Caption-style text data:
◆ ◆ ◆ ◆ ◆
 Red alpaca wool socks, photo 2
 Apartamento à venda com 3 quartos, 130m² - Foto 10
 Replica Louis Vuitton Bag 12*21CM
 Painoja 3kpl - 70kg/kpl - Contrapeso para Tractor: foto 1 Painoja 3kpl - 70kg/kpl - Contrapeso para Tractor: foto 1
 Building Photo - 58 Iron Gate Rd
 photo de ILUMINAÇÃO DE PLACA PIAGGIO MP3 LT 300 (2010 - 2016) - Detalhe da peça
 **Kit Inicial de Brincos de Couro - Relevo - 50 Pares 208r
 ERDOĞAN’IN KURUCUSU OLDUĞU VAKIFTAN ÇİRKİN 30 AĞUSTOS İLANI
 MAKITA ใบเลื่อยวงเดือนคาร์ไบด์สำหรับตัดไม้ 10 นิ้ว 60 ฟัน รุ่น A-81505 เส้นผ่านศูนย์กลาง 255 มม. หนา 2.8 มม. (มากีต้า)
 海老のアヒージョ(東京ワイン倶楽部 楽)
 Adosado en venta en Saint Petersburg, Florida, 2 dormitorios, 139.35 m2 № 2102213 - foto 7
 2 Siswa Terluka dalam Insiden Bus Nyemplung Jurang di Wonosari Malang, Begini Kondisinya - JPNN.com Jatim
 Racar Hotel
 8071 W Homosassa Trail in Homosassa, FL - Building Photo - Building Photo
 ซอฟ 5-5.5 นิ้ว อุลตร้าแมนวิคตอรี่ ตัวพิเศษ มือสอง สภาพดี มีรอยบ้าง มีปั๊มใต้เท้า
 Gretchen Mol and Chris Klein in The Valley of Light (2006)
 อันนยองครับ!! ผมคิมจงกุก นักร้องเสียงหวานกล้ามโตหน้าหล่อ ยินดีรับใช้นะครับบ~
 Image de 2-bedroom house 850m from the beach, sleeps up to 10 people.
◆ ◆ ◆ ◆ ◆
Exercise: The data above, all of it, needs to be output exactly as written.

Task result:
 Red alpaca wool socks, photo 2
 Apartamento à venda com 3 quartos, 130m² - Foto 10
 Replica Louis Vuitton Bag 12*21CM
 Painoja 3kpl - 70kg/kpl - Contrapeso para Tractor: foto 1 Painoja 3kpl - 70kg/kpl - Contrapeso para Tractor: foto 1
 Building Photo - 58 Iron Gate Rd
 photo de ILUMINAÇÃO DE PLACA PIAGGIO MP3 LT 300 (2010 - 2016) - Detalhe da peça
 **Kit Inicial de Brincos de Couro - Relevo - 50 Pares 208r
 ERDOĞAN’IN KURUCUSU OLDUĞU VAKIFTAN ÇİRKİN 30 AĞUSTOS İLANI
 MAKITA ใบเลื่อยวงเดือนคาร์ไบด์สำหรับตัดไม้ 10 นิ้ว 60 ฟัน รุ่น A-81505 เส้นผ่านศูนย์กลาง 255 มม. หนา 2.8 มม. (มากีต้า)
 海老のアヒージョ(東京ワイン倶楽部 楽)
 Adosado en venta en Saint Petersburg, Florida, 2 dormitorios, 139.35 m2 № 2102213 - foto 7
 2 Siswa Terluka dalam Insiden Bus Nyemplung Jurang di Wonosari Malang, Begini Kondisinya - JPNN.com Jatim
 Racar Hotel
 8071 W Homosassa Trail in Homosassa, FL - Building Photo - Building Photo
 ซอฟ 5-5.5 นิ้ว อุลตร้าแมนวิคตอรี่ ตัวพิเศษ มือสอง สภาพดี มีรอยบ้าง มีปั๊มใต้เท้า
 Gretchen Mol and Chris Klein in The Valley of Light (2006)
 อันนยองครับ!! ผมคิมจงกุก นักร้องเสียงหวานกล้ามโตหน้าหล่อ ยินดีรับใช้นะครับบ~
 Image de 2-bedroom house 850m from the beach, sleeps up to 10 people.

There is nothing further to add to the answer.